I really wasn’t expecting much from this, feeling it was going to be some kind of low-rent TV movie about a haunted house. It turns out to be rather more effective than that. While not particularly groundbreaking in any major ways, it does what it needs to, and with enough energy to be more entertaining than expected. In particular, it has a resolutely and almost fundamentalist pro-religion approach, which I have to admire, even as someone of no particular faith. I mean, it basically ends with the devil getting a crucifix stabbed in the heart, and that’s not something you see in your average film, even allowing for the decade being the peak of religious horror.

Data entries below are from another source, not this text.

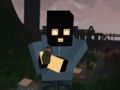 Игра Пиксельное Королевское сражение мультиплейер онлайн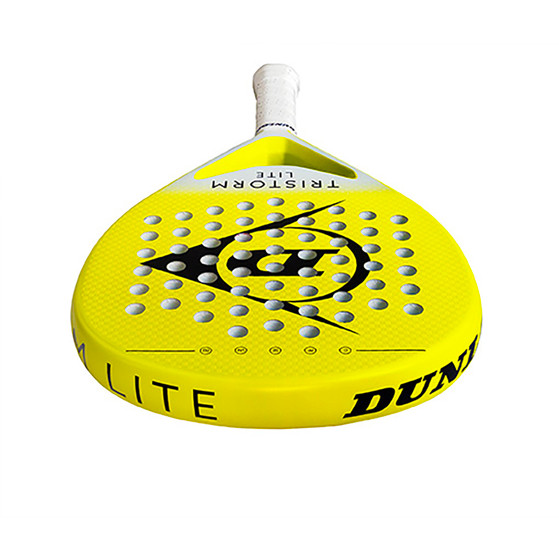 Dunlop Tristorm Lite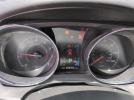 Mitsubishi Outlander Sel Image 8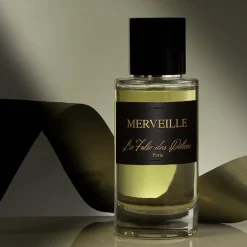 Discount La Folie des Délices Merveille Extrait de Parfum Unisex Parfum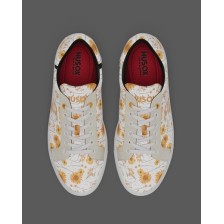 APOLO COLORE SUNFLOWER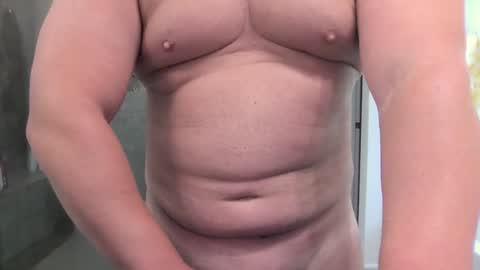 timrodd1111 online show from 06-24-26, 04:28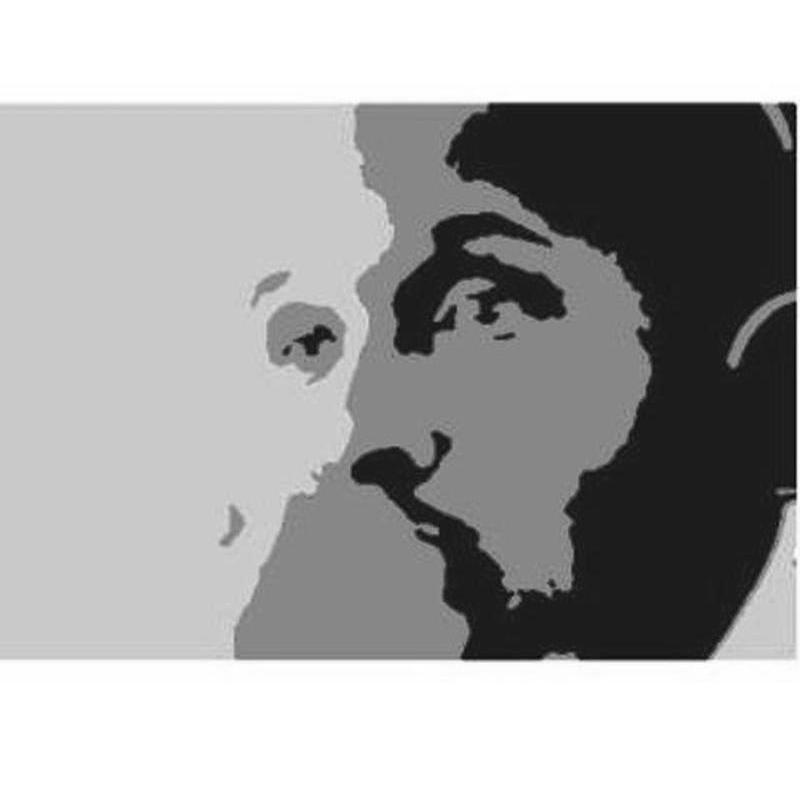 Reggae Ambassador| Aquarist| Gardener| Urban Farmer|Rabbits|Free Thinker|Traveller| Blogger.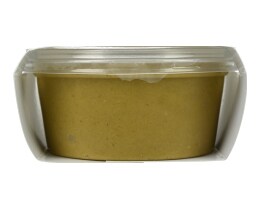 - | Βρεφικό Γεύμα Nulicious Bio Κοτόπουλο με Σπανάκι 150g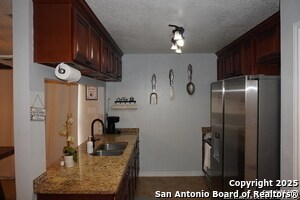 3632 Candlehill in San Antonio, TX - Building Photo - Building Photo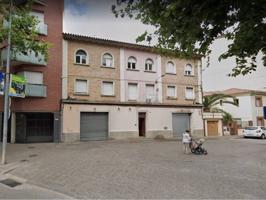 Suelo urbano residencial en zona Santa Eugenia en Girona. photo 0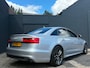 Audi A6 Limousine 2.0 TFSI | 3x S-Line | Automaat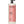 AG Care Colour Savour Colour Protecting Shampoo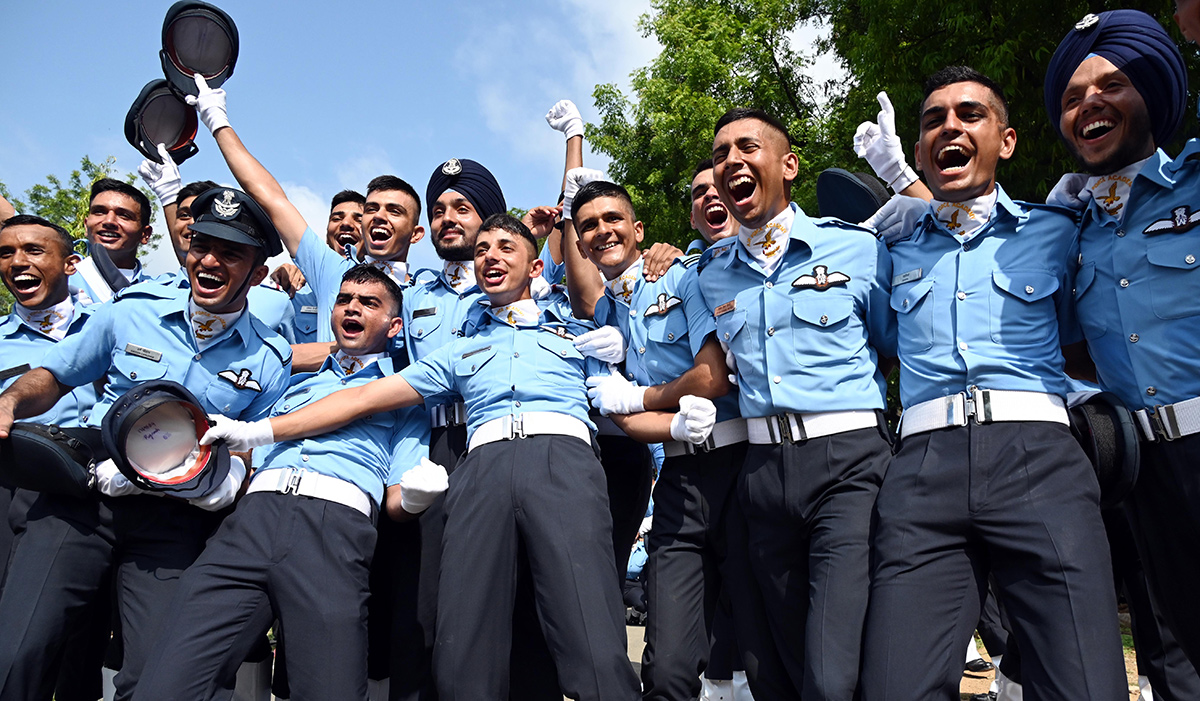 Combined_20Graduation_20Parade_20in_20Dundigal_20Photos-2.jpg 2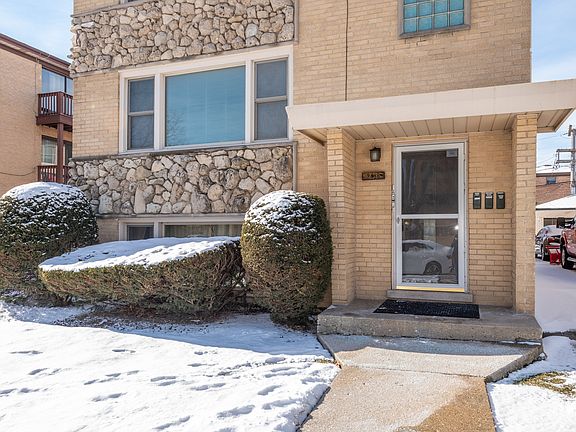 3rd image of 2436 N 77th Ct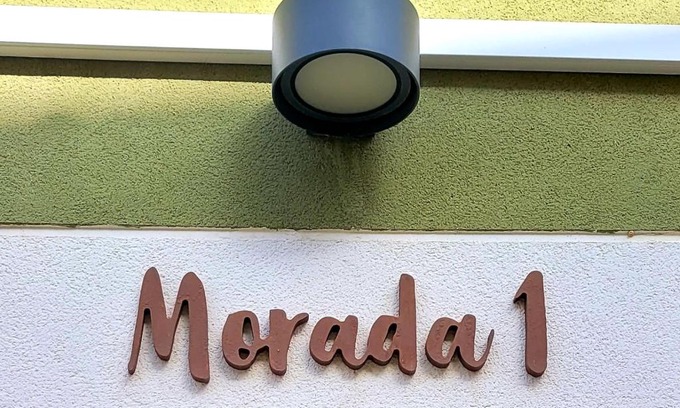 Casas del Cerro House | Casas Rurales Maribel - Complejo Moradas del Cerro 1 - Suites con Jacuzzi en Alcalá del Júcar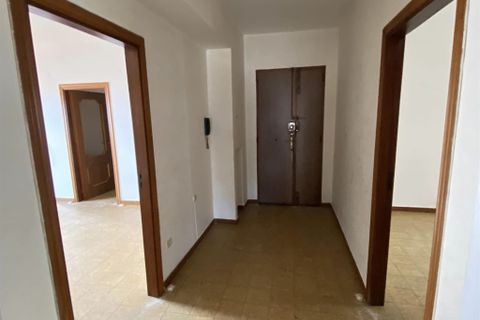 Leilighet i Monte Sant'Angelo, Foggia, Monte Sant'Angelo - € 138 000 | Ref: VIA ABATE GIOVANNI - foto 10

It also benefits from a really cool-looking building, which in reality was the Montezuma Castle hotel. It hosted a number of American presidents, though by the time of shooting was owned by the Jesuits. In the film, it has just been bought by C.J. Arnold (Crenna) and his wife, Dr. Caroline Arnold (Pettet), who intend to open a drug rehab facility. The husband’s attitude is quickly made clear, with comments like, “I regard most organized churches as organized hypocrisy.” Caroline is not such an atheist, as the film makes equally apparent, by the gigantic cross she’s wearing around her neck. They are joined by Professor Raymond Guy (Prine), who is taking advantage of it being a time when college lecturers banging their students was perfectly acceptable.

The house had already killed its caretaker, and it’s not long before the death toll starts to mount further. Things really kick off after C.J. breaks a seal in the basement, initiating full lockdown mode. Attempts to escape inevitably end fatally for those concerned, whether it’s being struck by lightning when rappelling down the wall, or sucked into the ground in front of a suspiciously demonic statue. C.J and Raymond refuse to believe there could be any of that religious mumbo-jumbo involved. But it’s Caroline, since she appears considerably more open to the house’s vibrations, who will be the key to their survival, especially when C.J. has to face the demonic incarnation of the building’s evil (top) – played by Victor Buono from Whatever Happened to Baby Jane, of all people.

A lot of the moments in here are typical ones for the genre, such as a statue that moves when only Caroline is watching it. However, I enjoyed others, such as the dog which seems to end up getting possessed. “When am I gonna make you see? It’s something inside the dog!” screams Caroline at her spouse – a full four years before John Carpenter went there. The special effects are restrained, yet do their job perfectly well, and Trikonis, who’d go on to a solid career in television (including twenty-two episodes of Baywatch!), milks all the atmosphere he can out of his splendid location. While I won’t call this a hidden gem, it was definitely a pleasant surprise.